5. Your Graphic Elements: just like photography, creating bespoke icons, diagrams and infographics can also help to create your brand’s unique style. And by using your brand colours and brand fonts to create those graphics, we can reinforce your consistent visual approach even more.

6. Your Tone of Voice: most businesses need to communicate with their customers (to promote their products and services and to keep them updated with any news, offers etc.), but they don’t – and shouldn’t – all communicate in the same way. So think about your customers (their age, gender, location, interests etc.) and whether they would prefer a more formal, technical tone of voice, or a more relaxed and chatty one. And then stick to that whenever you talk to them, so your messages are delivered clearly and consistently every time.

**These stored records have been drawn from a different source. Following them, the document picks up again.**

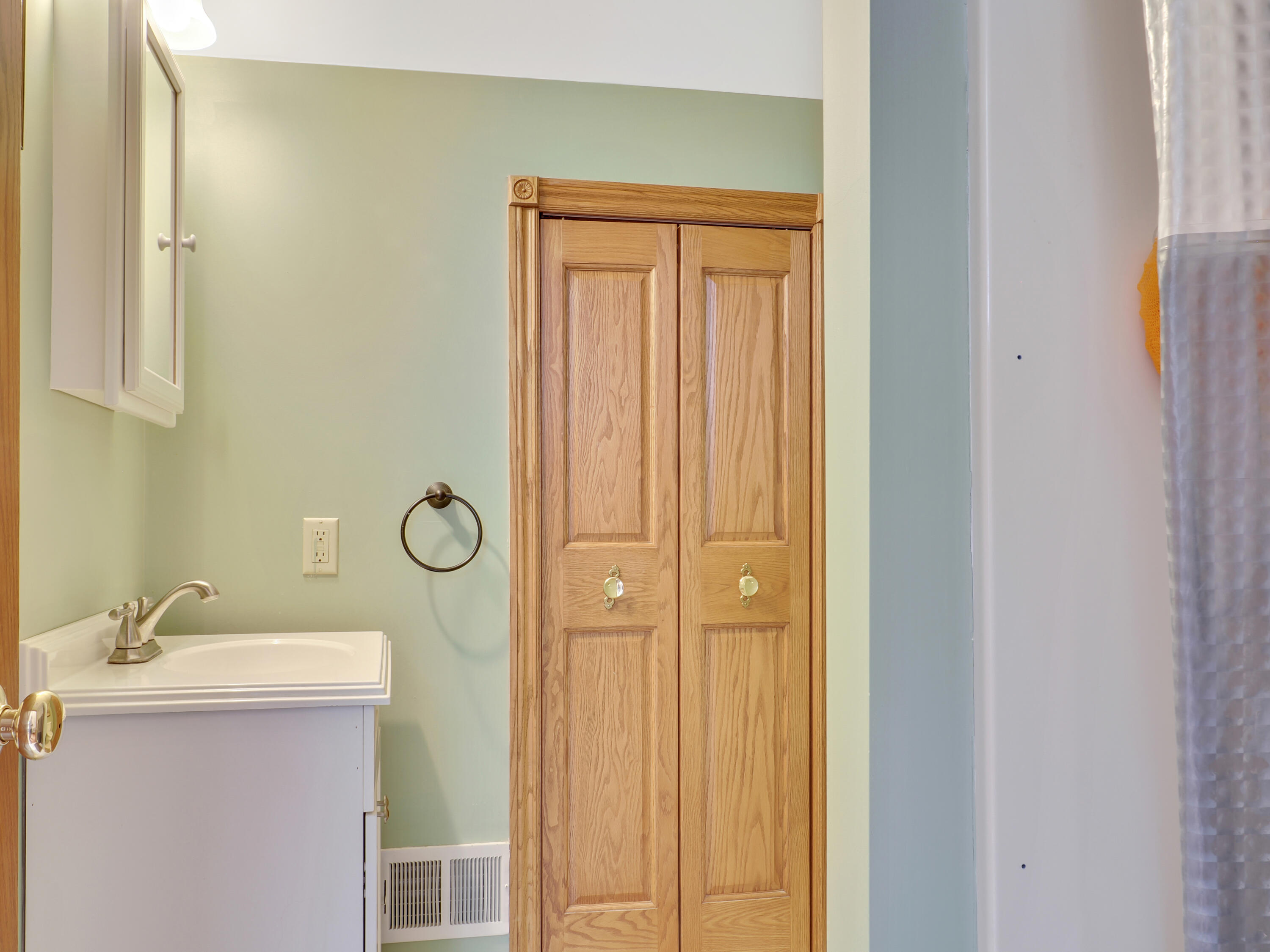 6245 North Larson Road Fountain, MI 49410 - Photo 31 of 53 p6111893-p6111897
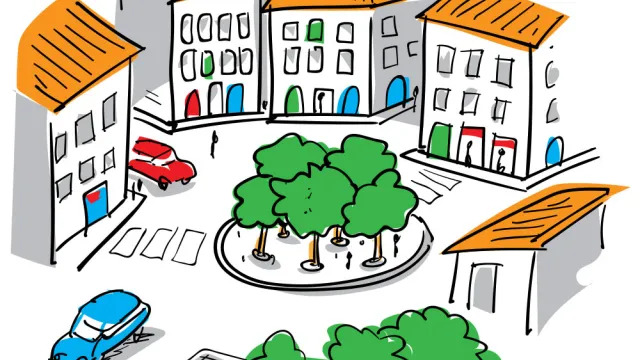 logo manutenzione.jpg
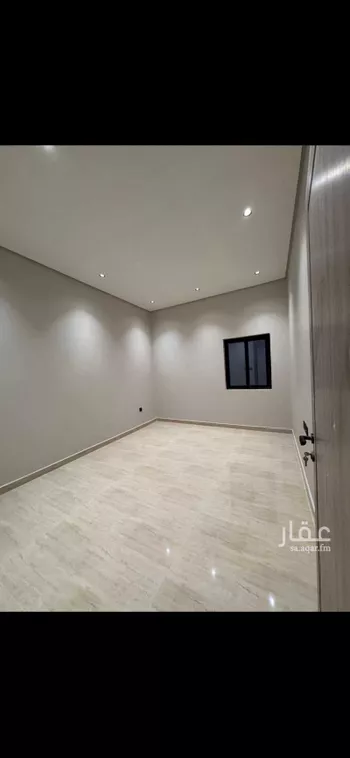 فيلا للبيع في حي الأمواج, مدينة الخبر, المنطقة الشرقية صورة 3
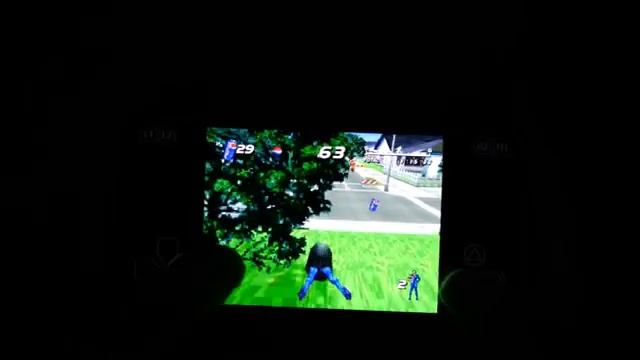 Unboxing Huawei P30 Pro "Super Camera Phone" - Fortnite, PUBG, Pepsiman !!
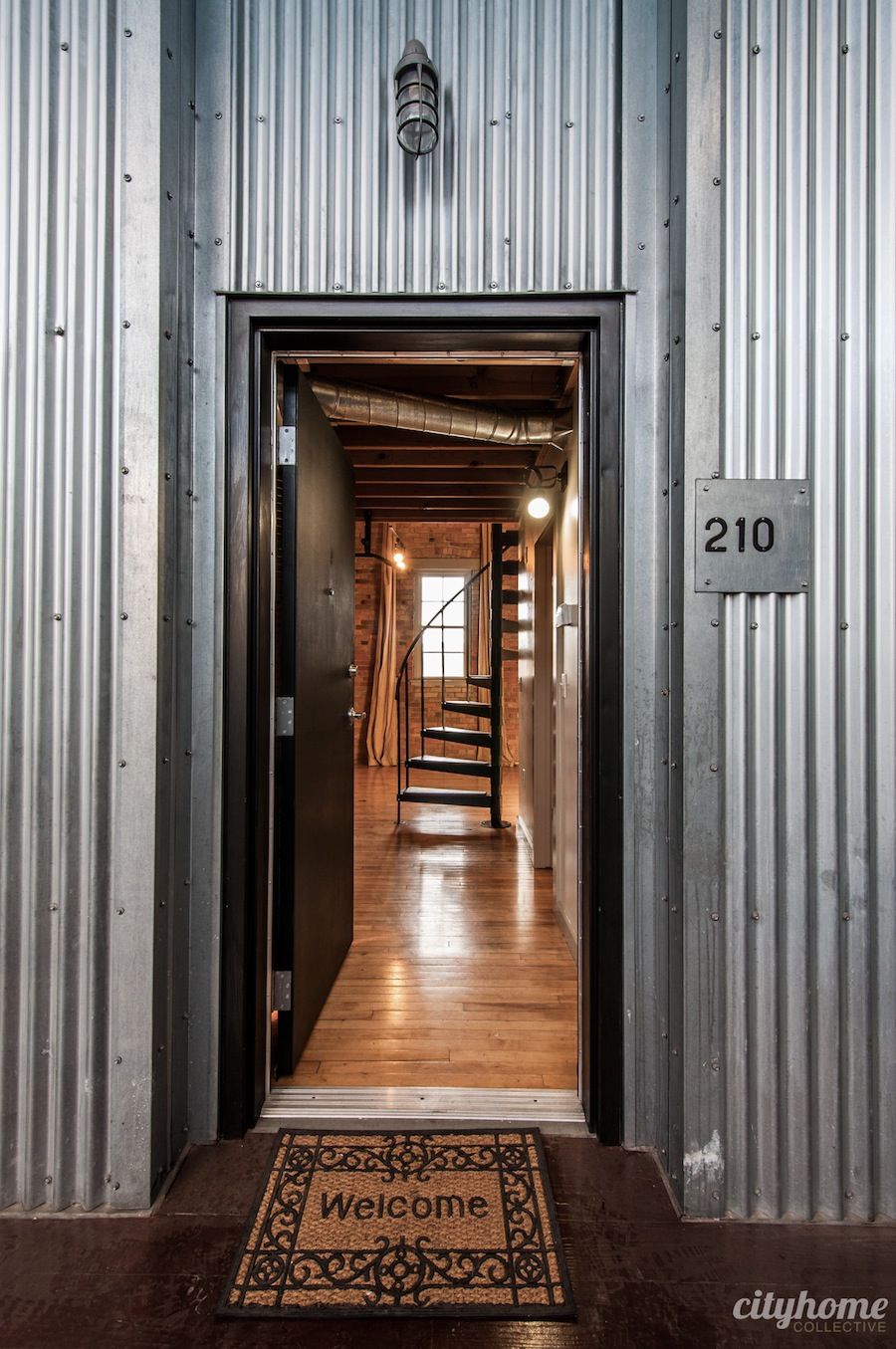 346-w-pierpont-ave-3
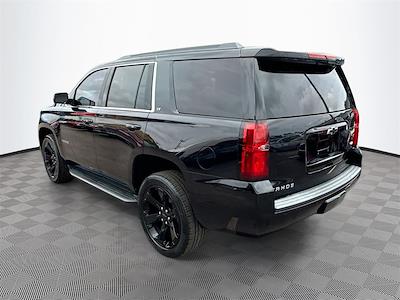 2017 Chevrolet Tahoe RWD SUV for sale #TI157239 - photo 2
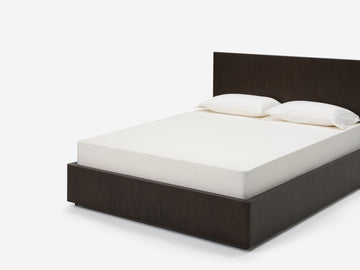 Moon Lift Bed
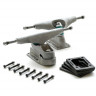 Лонгборд Carver C7 Bing Puck Surfskate Complete V3 (SS24) 27.5" - Лонгборд Carver C7 Bing Puck Surfskate Complete V3 (SS24) 27.5"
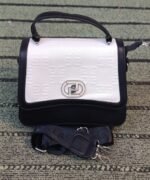 Ladies-Crossbody-Handbag-with-Detachable-Shoulder-Strap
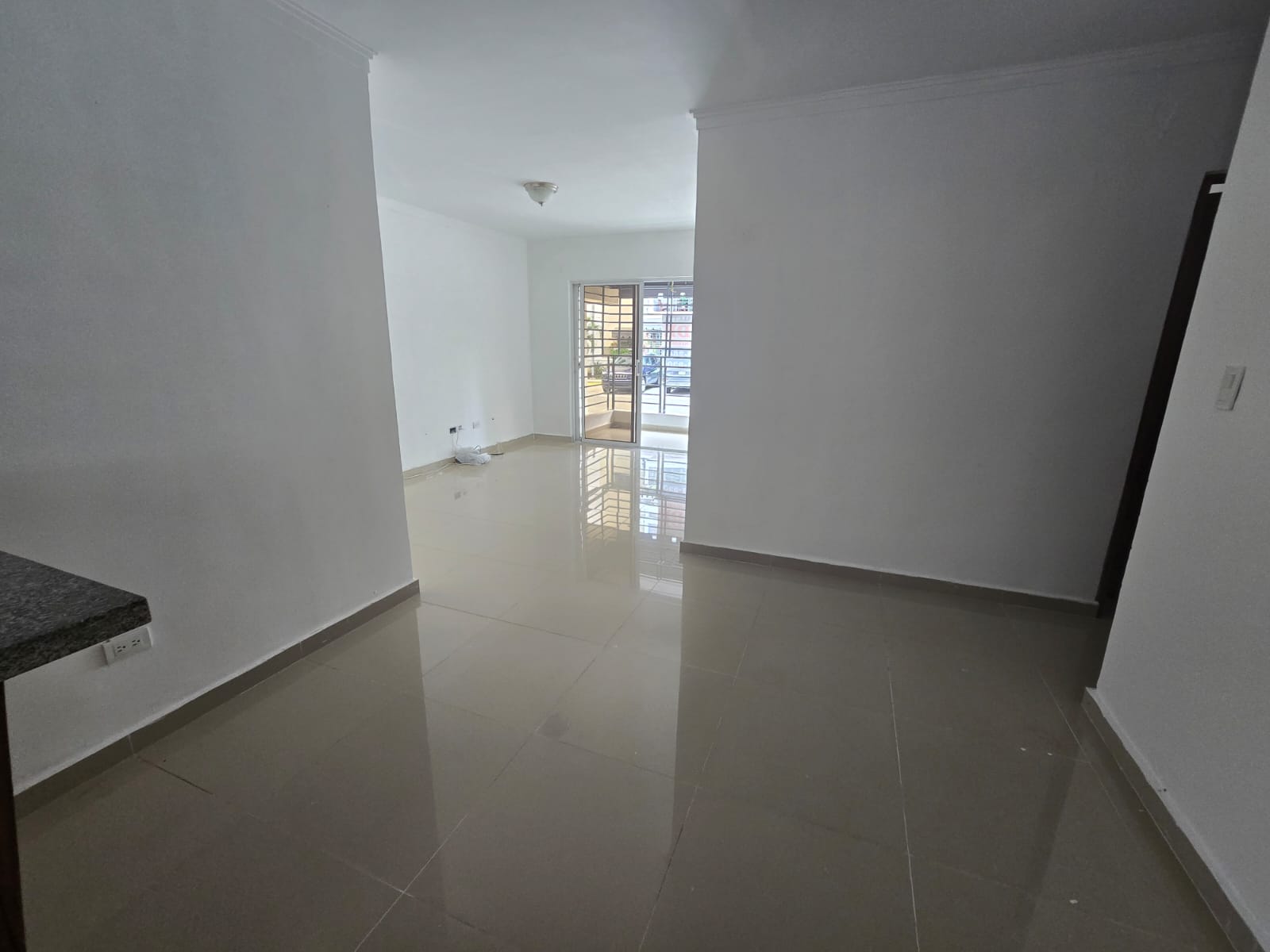 APARTAMENTO EN ALTOS DE ALAMEDA 1er NIVEL CON PATIO PRIVADO Foto 7317758-1.jpg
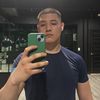 baby.michael01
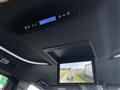 2022 Toyota Alphard Hybrid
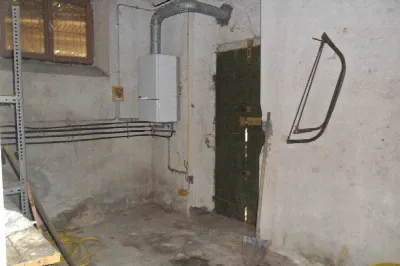 Rustico/Casale in vendita a Berbenno di Va... - foto 10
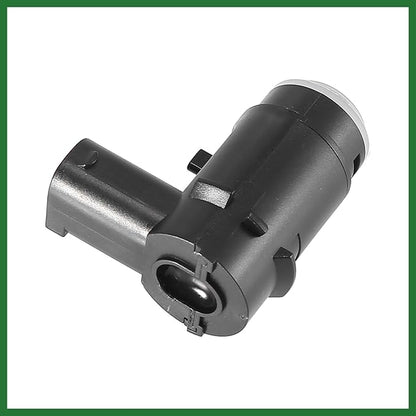 Motoforti Car Bumper Reverse Parking Assist Sensor for Ford F-150 2009-2014 for Lincoln Mark LT 2010 9L3Z-15K859-D Long-Lasting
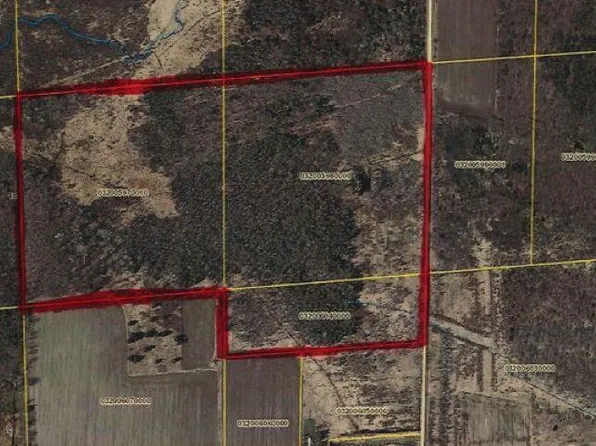 000 SUNSET DRIVE, Medford, WI 54451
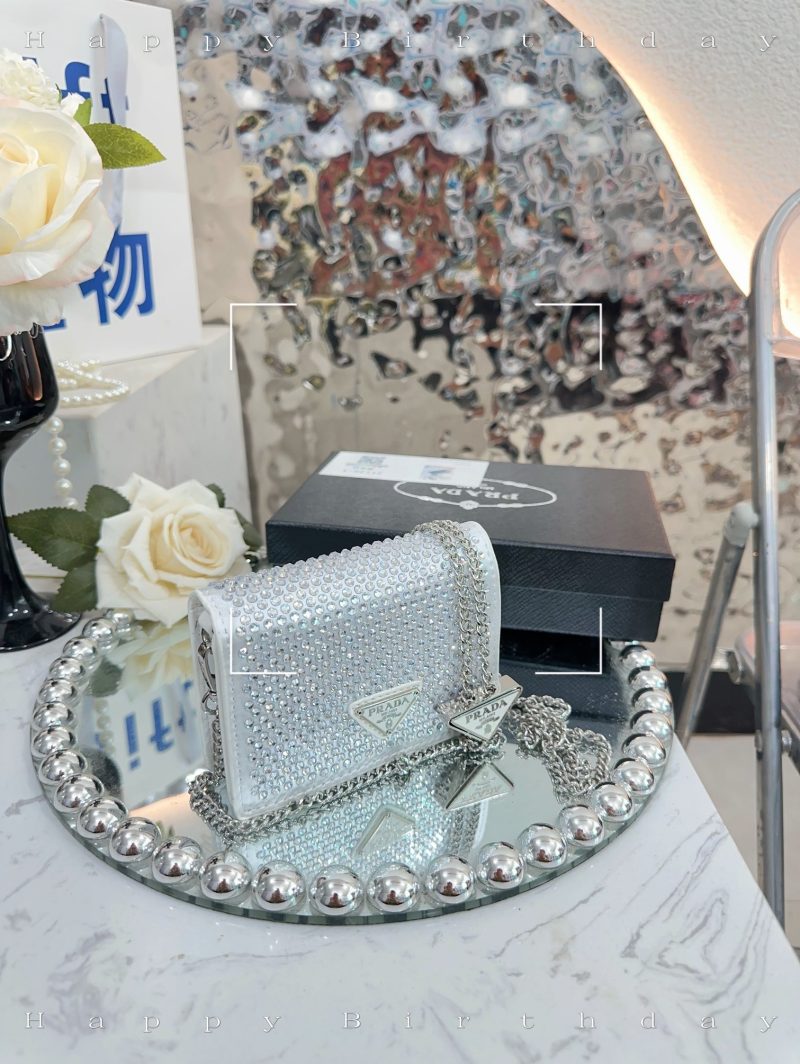 ReplicaDesignerBags 05YA18745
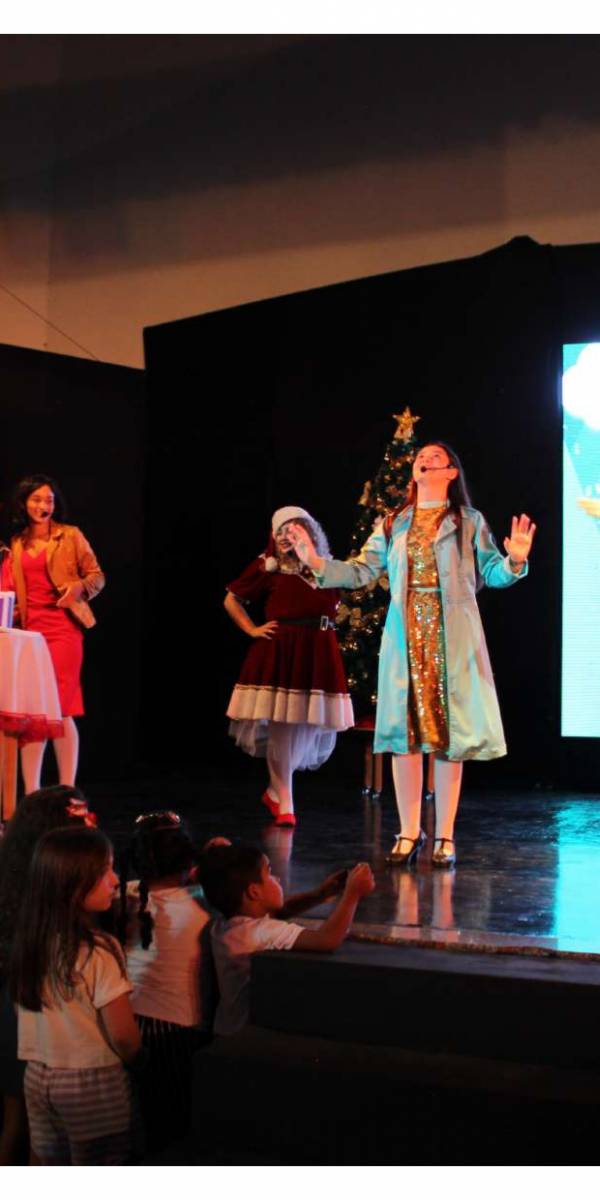 NATAL DE FE E MAGIA (102).jpg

And then… once you’ve established your 100%-consistent brand identity, think about protecting it via a Brand Guidelines Document.

Whether you opt for a single page showing basic logo usage, or a comprehensive 100-page ‘brand bible’ with in-depth information about company values, colour specifications, typography, graphics, image style, tone of voice etc., your Brand Guidelines Document should show everyone that works with you, how to use your brand elements.

Basically… responsibly, effectively and…you guessed it…consistently!

“We are what we repeatedly do. Excellence then, is not an act, but a habit.”